## ABOUT THIS EXERCISE
Nothing but an exact copy is asked for: the lines in the material below from the one with "Item preview, Sitting" through the one with "CLK 4x6 40 mm", pictures excluded.

## INPUT DATA
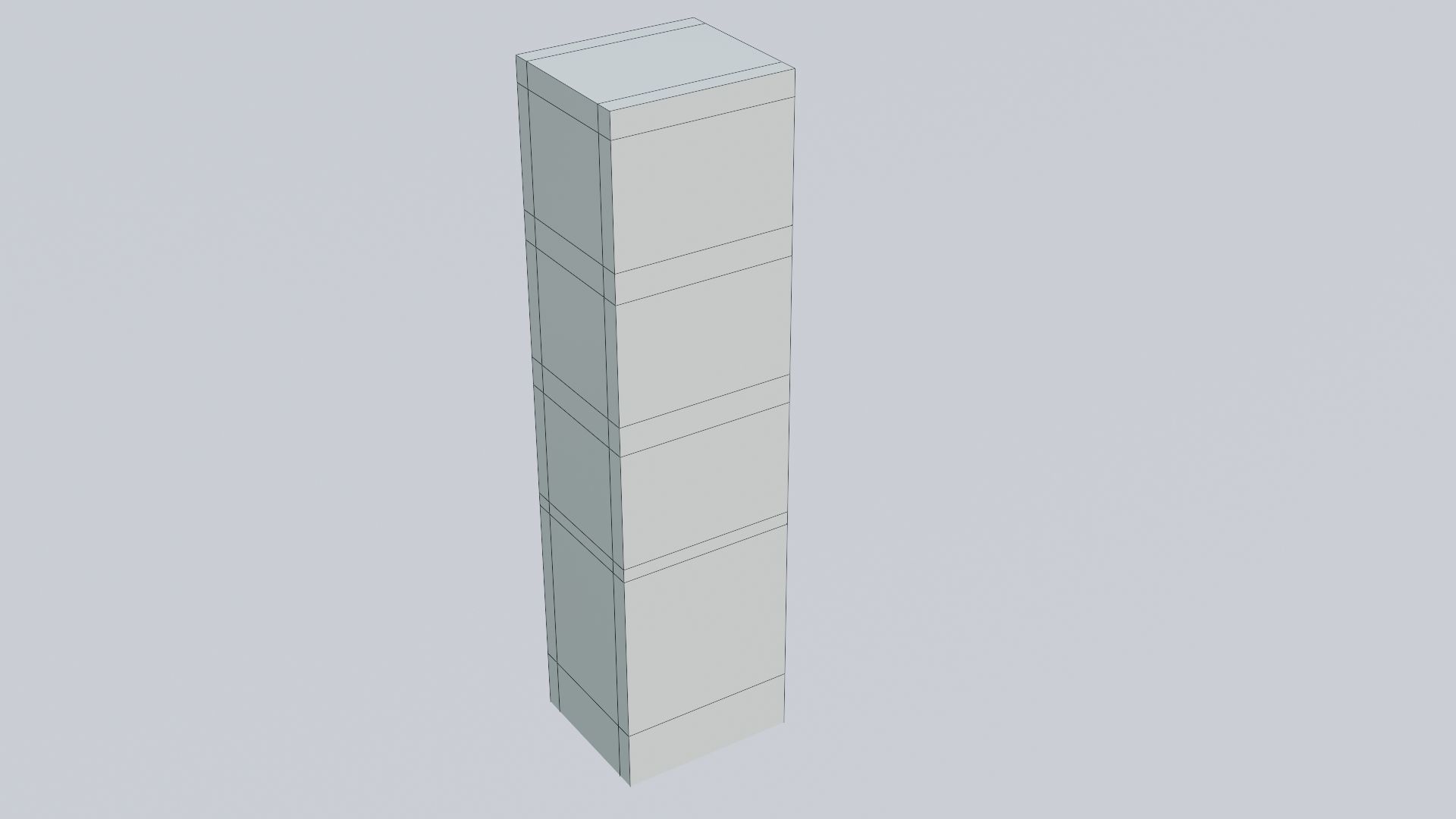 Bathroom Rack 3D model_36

...

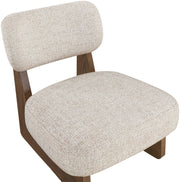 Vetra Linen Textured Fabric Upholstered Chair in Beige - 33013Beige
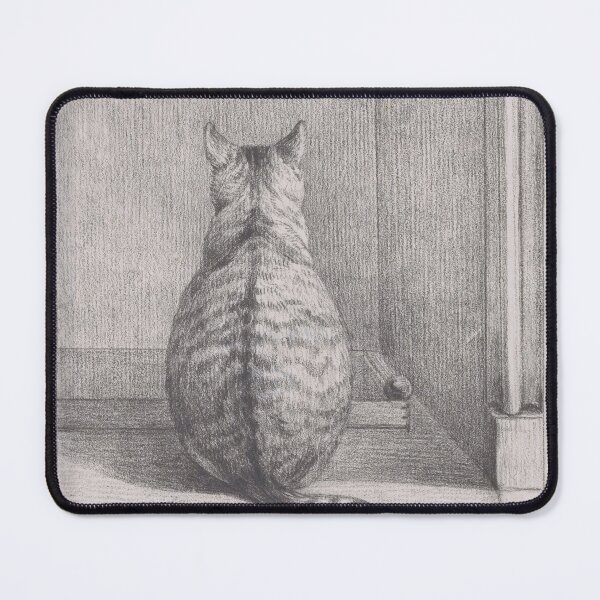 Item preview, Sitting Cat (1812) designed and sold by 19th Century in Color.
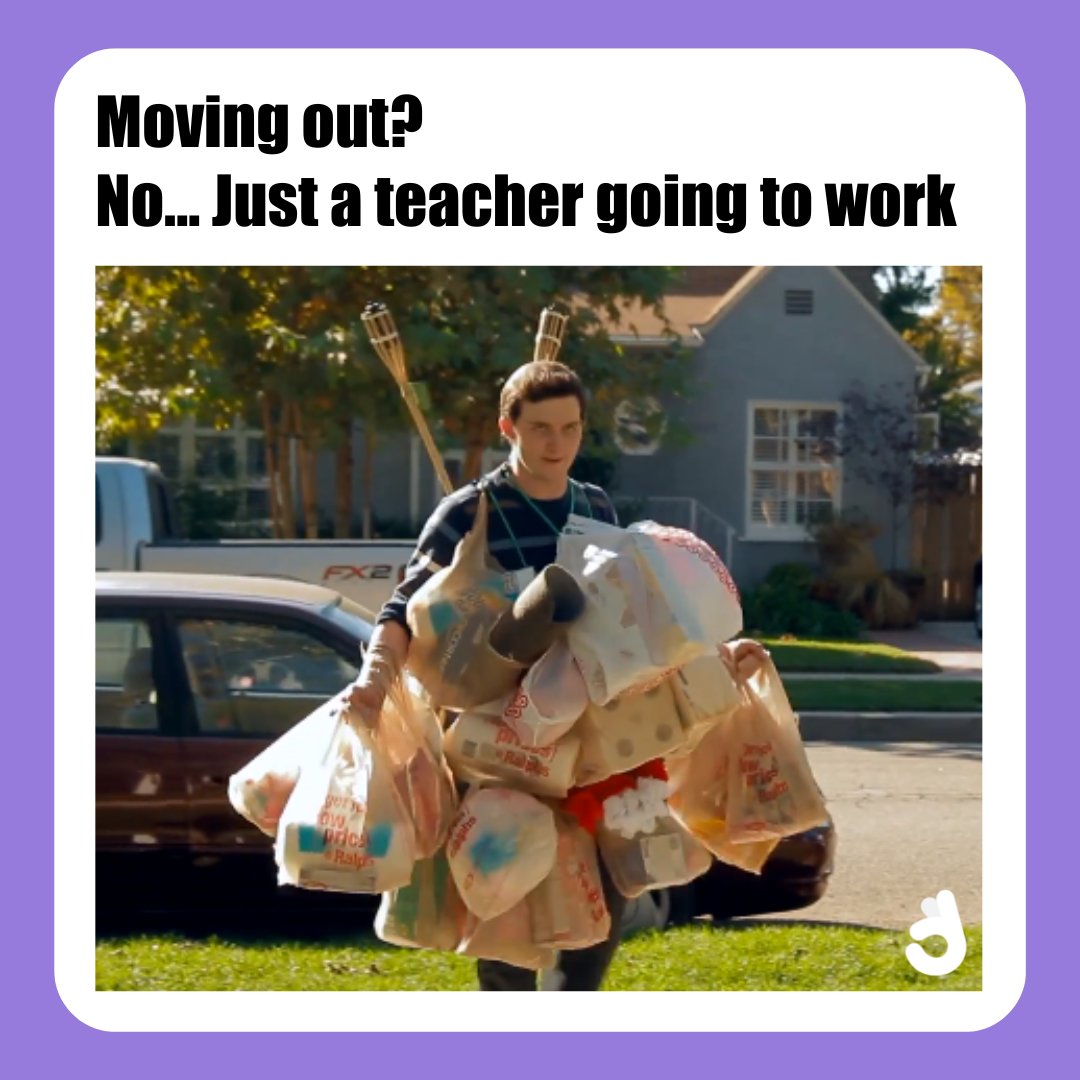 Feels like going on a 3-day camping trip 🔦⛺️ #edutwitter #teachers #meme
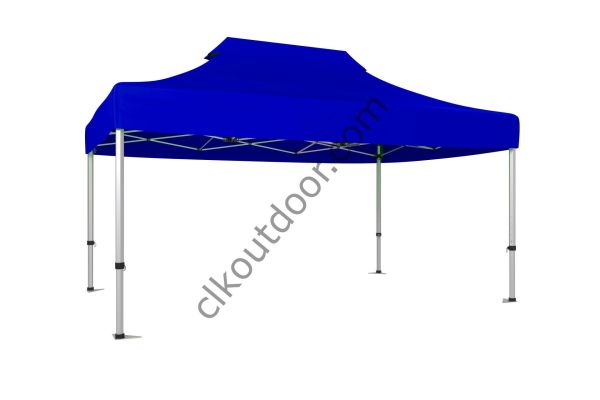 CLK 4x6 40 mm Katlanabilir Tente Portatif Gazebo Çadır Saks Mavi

==

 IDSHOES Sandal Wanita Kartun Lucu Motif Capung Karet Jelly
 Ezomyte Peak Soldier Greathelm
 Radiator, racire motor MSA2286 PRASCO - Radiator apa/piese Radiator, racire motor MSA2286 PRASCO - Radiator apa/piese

## TASK RESPONSE
 Item preview, Sitting Cat (1812) designed and sold by 19th Century in Color.
 Feels like going on a 3-day camping trip 🔦⛺️ #edutwitter #teachers #meme
 CLK 4x6 40 mm Katlanabilir Tente Portatif Gazebo Çadır Saks Mavi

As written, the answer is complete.